Thursday, September 09, 2010

Expert ties failures of grain reserves to vague policies

Expert ties failures of grain reserves to vague policies
By Kabanda Chulu in Lilongwe
Thu 09 Sep. 2010, 14:50 CAT

Malawi AGRICULTURE and Food Security adviser Tobias Takavarasha has said frequent political interference and complicated management structures are behind failures of the strategic grain reserves in Eastern and Southern Africa.

During the African Agriculture Markets Programme (AAMP) policy seminar on ‘Risk management in African agriculture: taking stock of what has and hasn’t worked’ in Lilongwe, Takavarasha said the rationale for holding food reserves was well intended.

Takavarasha, who served as executive director at the Zimbabwe Grain Marketing Board (GMB) in the early 1990s, explained that the objective of holding food reserves was due to the deepening food crisis in Africa as a result of low productivity and low levels of technology use.

He said the increasing numbers of people with no economic access to food, predominantly rain-fed agriculture with minimal irrigated farming, unreliable and poorly developed early-warning and market information systems coupled with weak domestic food production systems and cross-border trade restrictions, were some of the factors that had necessitated the idea of having food reserves.

“But strategic grain reserves have not worked well in our regions due to conflicting and unclear stockholding policy objectives and unclear stock release and replenishment procedures coupled with complicated management structures and frequent political interference,” Takavarasha said.

“Also poor maintenance of storage infrastructure leading to loss of stored grain and the limited role of the private sector in reserve stock and frequent import and export bans as governments respond to fluctuations in domestic supply are some of the factors failing the successes of grain reserves.”

He said if well operated, strategic grain reserves would ensure the availability of grain in times of production shortfalls and providing a guaranteed market for surplus production especially for smallholder farmers as well as contributing to a safe storage of food and reduced post-harvest losses.

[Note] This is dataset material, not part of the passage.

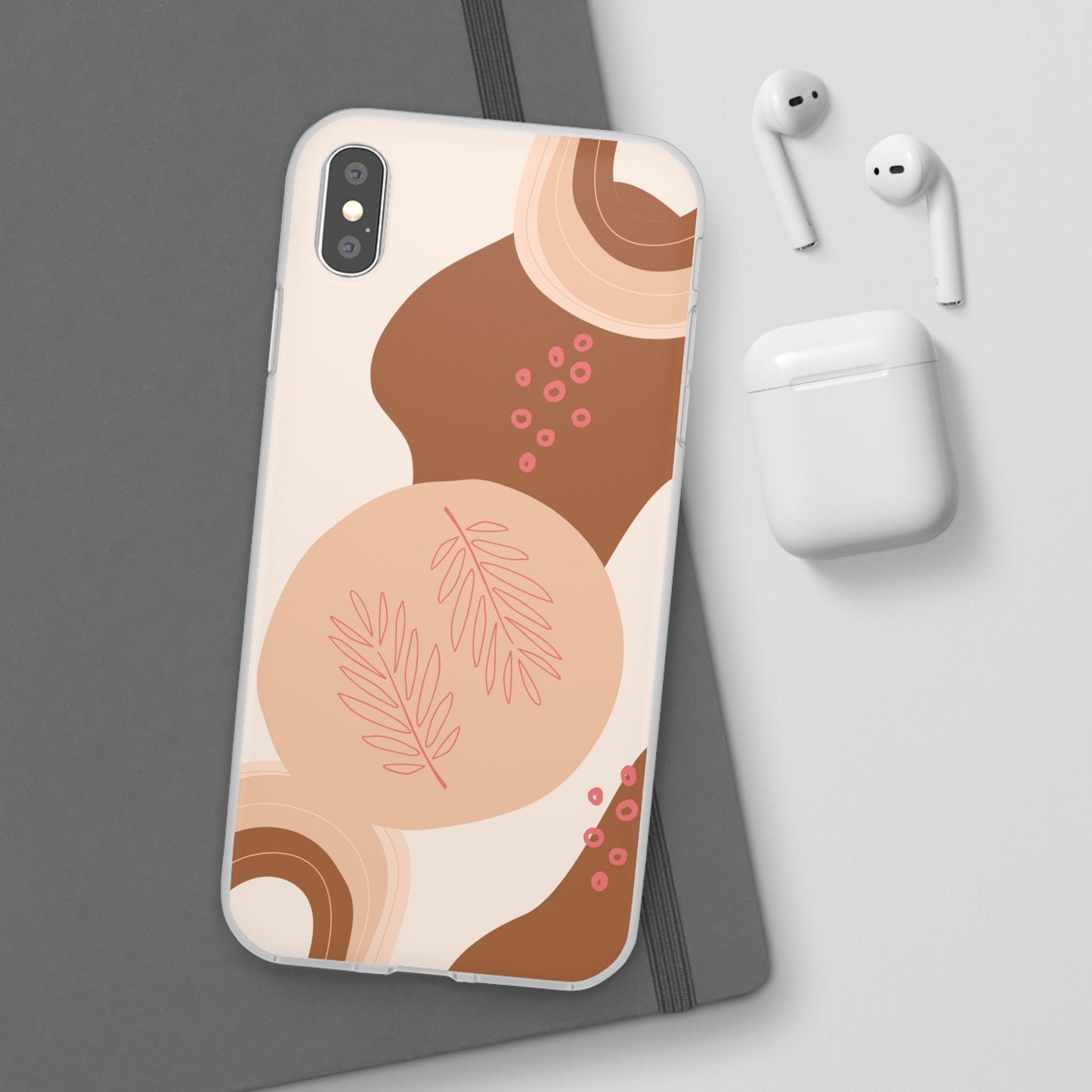 Boho Chic Flexi Cases | Trendy Phone Cover, Gifts for Her, Modern Design, Aesthetic Accessories, Nature-Inspired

“To a limited extent, strategic reserves ensure stabilisation in food prices for urban and rural consumers and national food reserves are unavoidable due to production variability, but must be kept minimal, hence governments should ensure that food reserve systems and policies are tailor-made to the needs of specific countries and there is need to diversify the composition of foods in the reserve (main countries relies on maize) and private stocks should have a role to play in national reserves,” said Takavarasha.